第99回テーマ

■学会主宰より前口上

生活様式学会へようこそ。諸君は公衆の面前にてふと己の鼻孔から鼻毛がびよよよーんと顔を覗かせていると気づいたとき、どのようにそれをごまかしているだろうか。笑ってもダメである。たぶん。

■報告一

指先でブチッとひっこ抜く最も抜本的な方法

涙のOKボーイ

 鼻の穴からびよーんと飛び出た鼻毛ほどみっともないものはない。こんなものを人に見られたら、鼻毛を読まれて見くびられるのは必定だから、親指と人差し指でつまんでひっこ抜き、涙でぼやけた視界に毛の姿を確認しよう。これぞ抜本的な対策というものだ。OK?


■報告二


他人の前でやっても安心の一時しのぎ的方法

ストップ! はなげくん!!

 人前で抜本的な対策を施すのは視覚的に問題がある。涙はいいとしても、抜いた毛を人に見られては元も子もないのだ。そこで必要となるのが、指先をさりげなく穴にあてがって鼻毛を奥に押し戻し、飛び出しを一時停止させる法。毛の暴走には指ブレーキが効果的だ。

■報告三


ハンドレスであることを重視した強力吸引法

バキュームパワーでぐんぐん毛が消える!

 真のさりげなさを重視するなら、ハンズフリーをこそ志向せねばなるまい。その点、鼻腔が真空になるほど強く鼻息を吸い上げた勢いで鼻毛を上方にたなびかせるというこの方法は、抜群のハンズフリーぶりが自慢。
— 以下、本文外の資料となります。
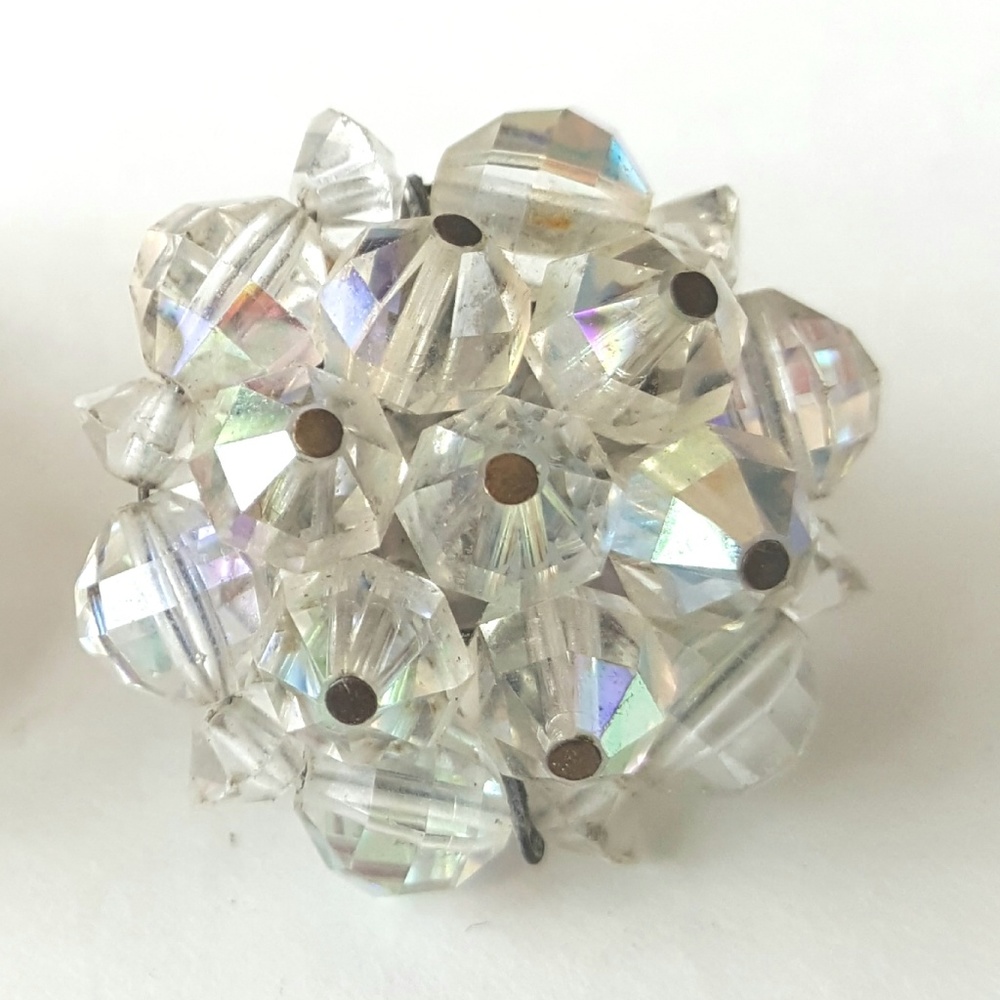 1950s Vintage Clip on Earrings Retro Crystals Laguna B - Picture 6 of 6
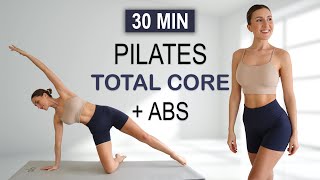 30 Min PILATES TOTAL COREAB WORKOUT  Tone  Sculpt your Core  No Repeat No Equipment No Jumping [upl. by Sharman]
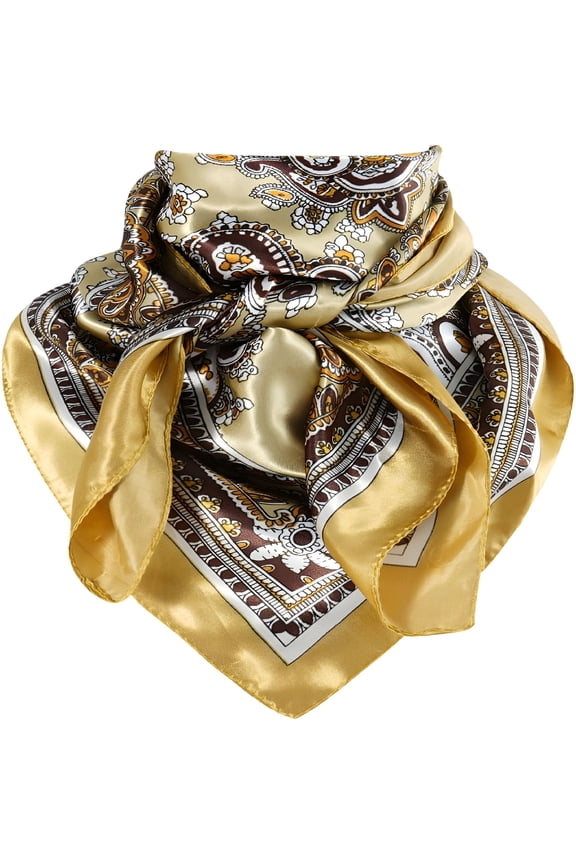 35 Inch Wild Rag Cowboy Scarves for Men, Large Rancher Neckerchief Silk Feel, Oversize Western Bandana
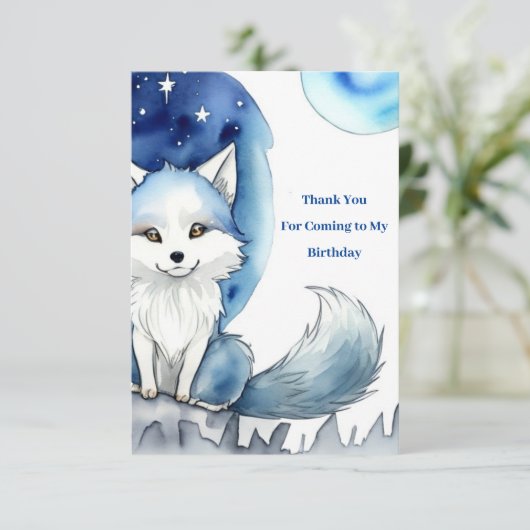 Wolf Verjaardag Bedankkaart (Staand voorkant)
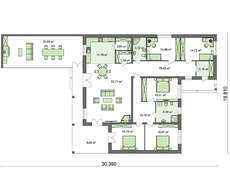 План одноэтажного коттеджа Г-образной формы общей площадью 232 кв. м, жилой 132 кв. м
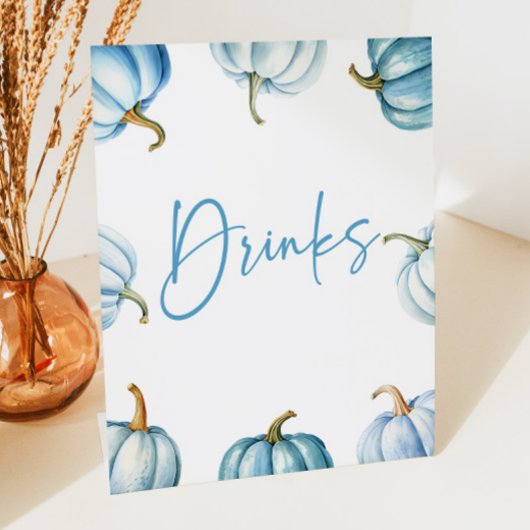 Blue White Pumpkin Herfst Herfst Drinken Partij Reclamebord Met Voetstuk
ぐんぐんって感じでごまかしのパワーが断然違う。

■報告四


鼻毛を放置してヒゲと思わせる漫画的な方法

バカボンパパ・インスパイア

 人は鼻毛を処理するために生まれたわけじゃないのだ。鼻毛なんかに気を取られていてはタリラリラ〜と楽しい毎日はおぼつかないのだ。鼻毛なんて伸ばし放題にしておけばいいのだ。そうすれば他の人は「立派なヒゲだなぁ」と思ってくれるのだ。これでいいのだ。

■報告五


長い髪の毛を垂らして隠すカモフラージュ法

真相は鼻薮の中

 自慢の前髪を前方に垂らしてみたまえ。太さ、色、成分などが鼻毛とほぼ同等である毛髪によってできた薮が絶妙なカモフラージュとなり、他人は前髪のうざったいヤツとしか思わない。迷彩服のアーミー? 忍者? 保護色のカメレオン? 真相はいつも鼻薮の中に。

■報告六


鼻毛をカールさせて鼻腔に収める高度な方法

カール・マルクスルの毛質論

 爪でしごくと毛はくるくる丸まってしまう。この現象を主著『毛質論』で喝破し、抜毛主義という妖怪がうろつく近代に新しい鼻毛観を示したのがマルクスル(1818〜83)である。その影響力は多大で、今も育毛派の鼻毛プロレタリアートからは根強い支持を誇っている。

■報告七


火炎で燃やしてしまうこうばしさ抜群の方法

う〜ん、こ毛くさい

 タバコに火をつけるふりをしてライターで鼻毛に火をつけると、鼻毛は一瞬のうちに燃焼してこの世から消滅してくれるので好都合だ。しかも場所が場所ゆえ、毛が燃えるとき特有のあのこうばしい香りをごく近距離から喫することができる。これにはもう萌え萌え。

■報告八


鼻毛同士を結んで装身具にするおしゃれな法

極細漆黒鼻ピアス

 どうしてみんなボクら鼻毛を忌み嫌うんだろう。よく見ればこんなに繊細で純黒で安価な逸材はないとわかるのに。ほら、鼻毛を抜かれたと思って(だまされたと思って)、右穴と左穴から一本ずつ出して結んでごらん。鼻ピアスさ。みんな鼻白むよ(気後れするよ)。

■学会主宰より総括

 我に自由を与えよ、しからずんば死を与えよ−−とはパトリック・ヘンリーの言であるが、恐らくは鼻毛もそんな風に思っていることだろう。だが大抵鼻毛に自由は与えられず、抜かれたり切られたり押し込められたりしているのだ。近代以降、鼻毛のたどってきた道は常に被抑圧の歴史であった。さて、総括である。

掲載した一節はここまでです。